Gobhi-aloo sabji

4 servings


Cauliflower  1 (medium-sized)

Potatoes  4 (medium-sized)

Onion  2 (medium-sized)

Shelled green peas ½ cup (optional)

Tomatoes 2 (big)

Cilantro leaves  1 tbsp (finely cut)

Oil  1 tbsp

Cumin seeds 1 tsp

Spice mix

Turmeric powder  ¼ tsp

Red chilli powder  1 tsp

Coriander powder 1 tsp

Cumin powder 1 tsp

Salt  1 tsp or as per taste

Amchur  ¾  tsp


  1. Cut the cauliflower into small florets and wash and drain them. Peel the potatoes and cut into finger-sized pieces.
  2. Dice finely the onions and tomatoes.
  3. Heat oil in a wok and temper the cumin seeds. As soon as they splutter add the finely diced onions and saute till it changes color and looks translucent.
  4. Add finely cut tomatoes and saute till the tomatoes are half-cooked.  Add the spices and salt and if need be a little amount of water to keep the mix moist.
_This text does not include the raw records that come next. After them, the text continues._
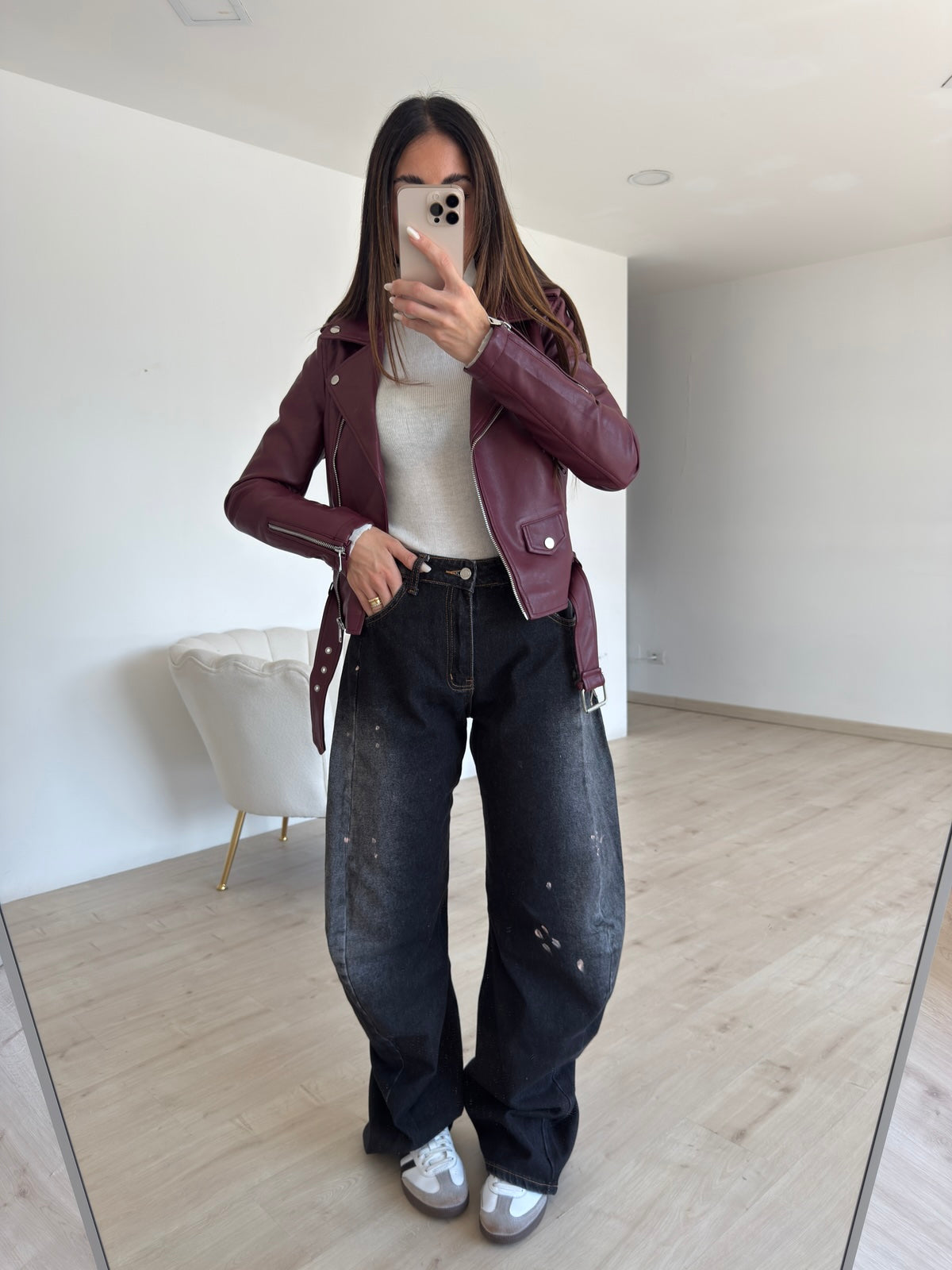 MI25166-1-JEANS SLOUCHY PRINT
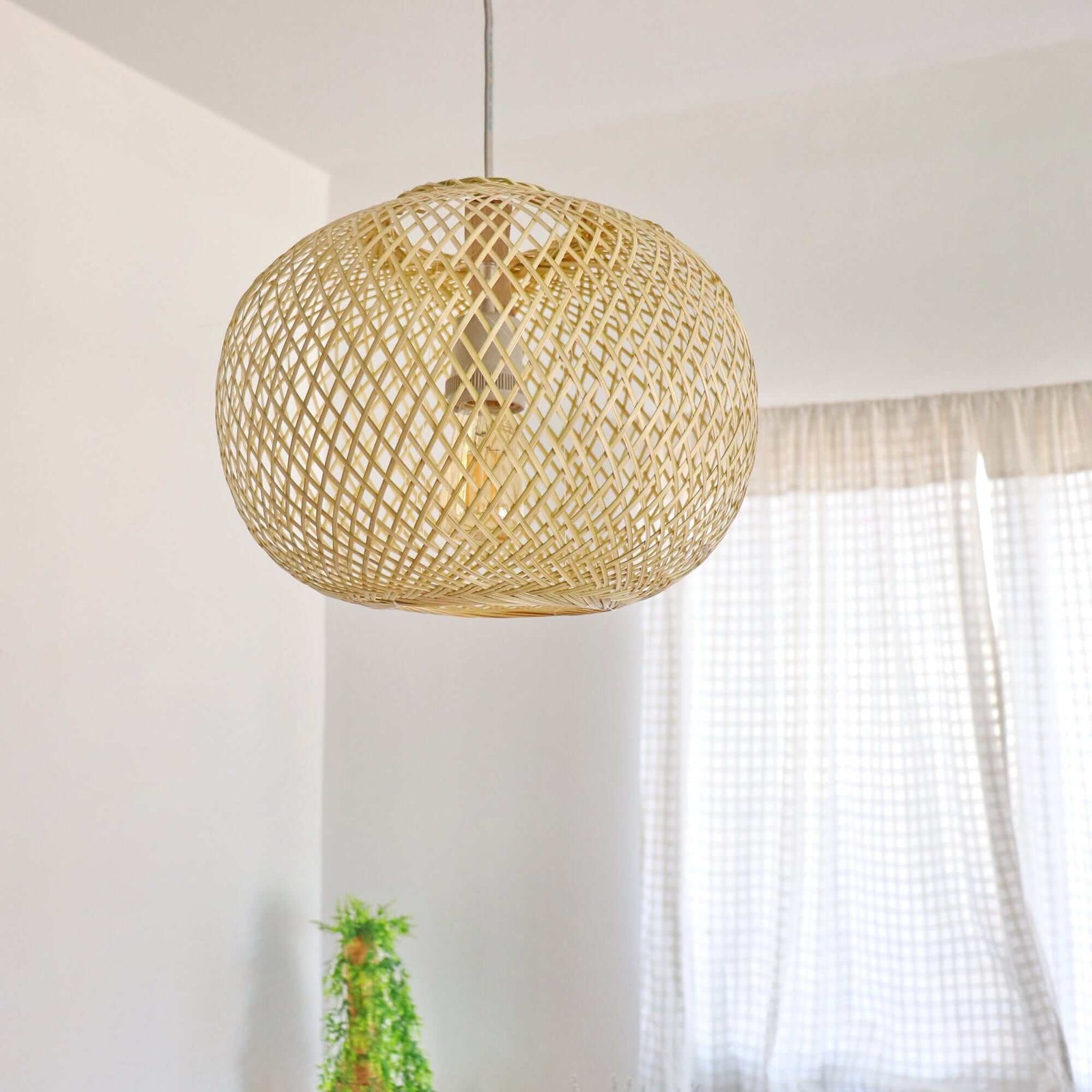 WAN - Bamboo Pendant Light (20 cm)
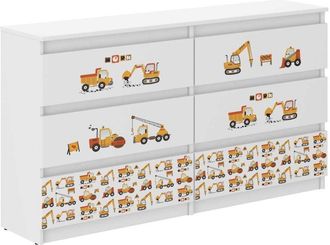 OEM C&oacute;moda Infantil R-140 Obra De Construcci&oacute;n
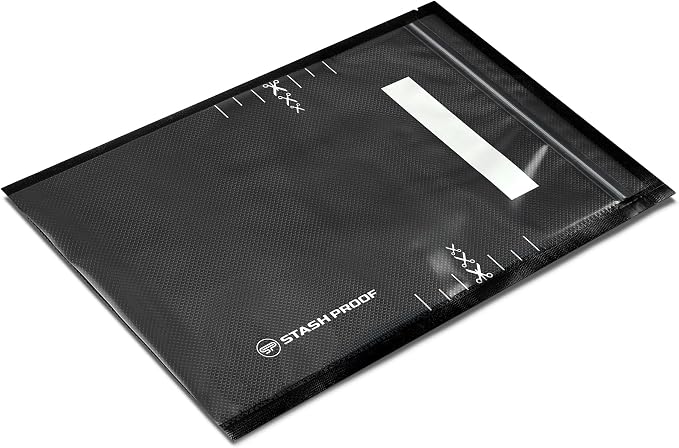 Vacuum Seal Zipper Bags 8" x 12" (100 Count) 5.5 Mil (Black & Clear) Precut BPA Free Resealable Heavy-Duty Commercial Grade Food Sealer Bags for Food Saver,Sous Vide, Meal Prep, Freezer Storage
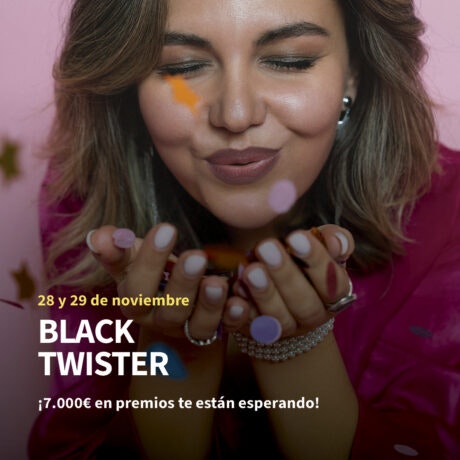 Prepárate para un Black Friday de altura, ¡llega el BLACK TWISTER!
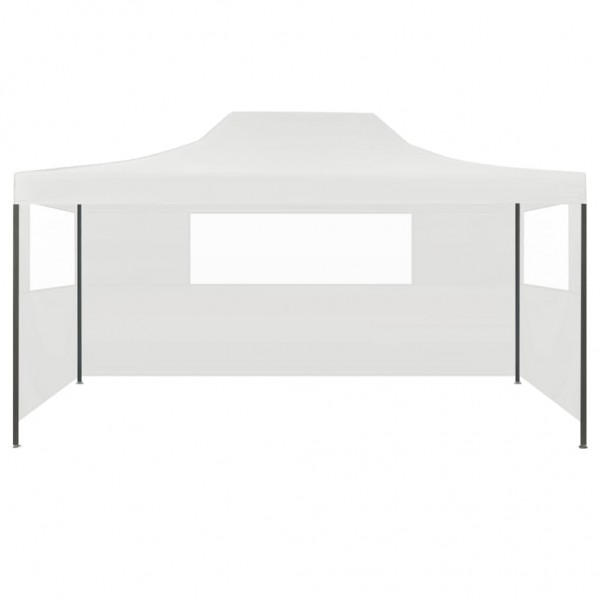 Tenda para festas dobrável c\ 3 paredes laterais 291x413x315 cm branco M 3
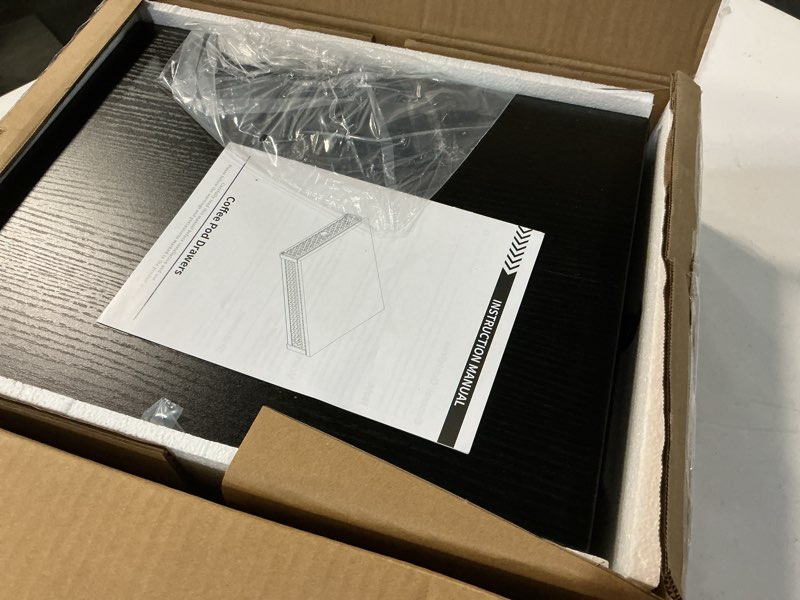 Condition photo showing Good Condition for coffee pod holder counter coffee vertuo capsules storage organizer with sliding drawer compatible for 35 k-cup pods no assembly needed black black k cup holder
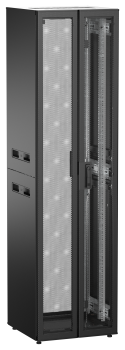 ITK UNITBOX N Шкаф сетевой 19" напольный 47U 600х600мм двери перфорированная металлическая двустворчатая перфорированная черный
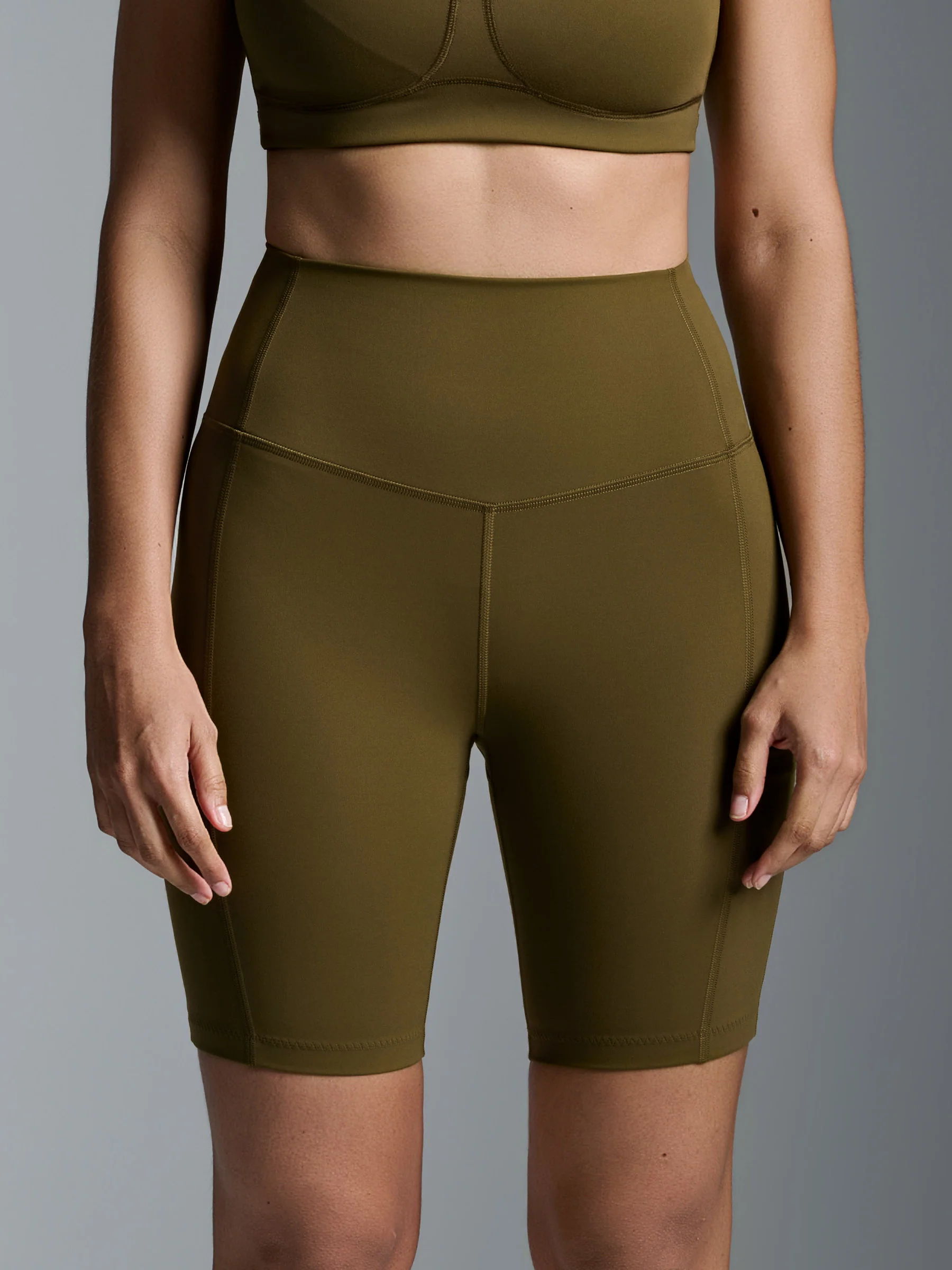 FATAL ATTRACTION 8 Bike Short Light Olive - Image 4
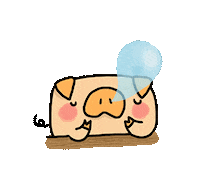 awkward pig Sticker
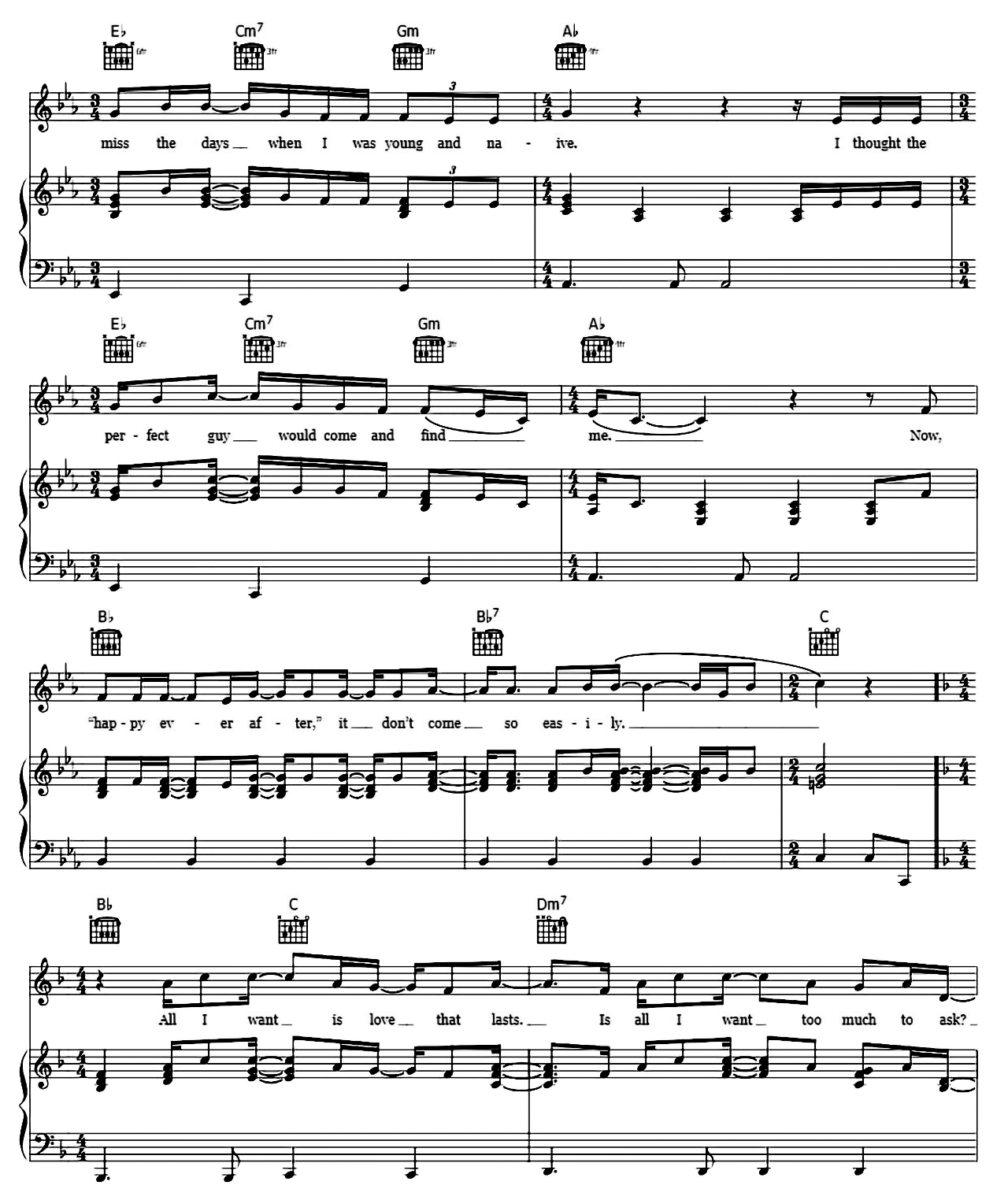 All I Want (from High School Musical) sheet music 5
Cover with a lid and cook till the spices start giving aroma (about 3 minutes).
  5. Add the cauliflower florets, peas, and potatoes and cook on slow flame till done.  Add little water if needed to keep the mix moist.
  6. Garnish with cilantro leaves and serve,

Chef’s Note

Peas and onion are optional and the veggie can be made without them too.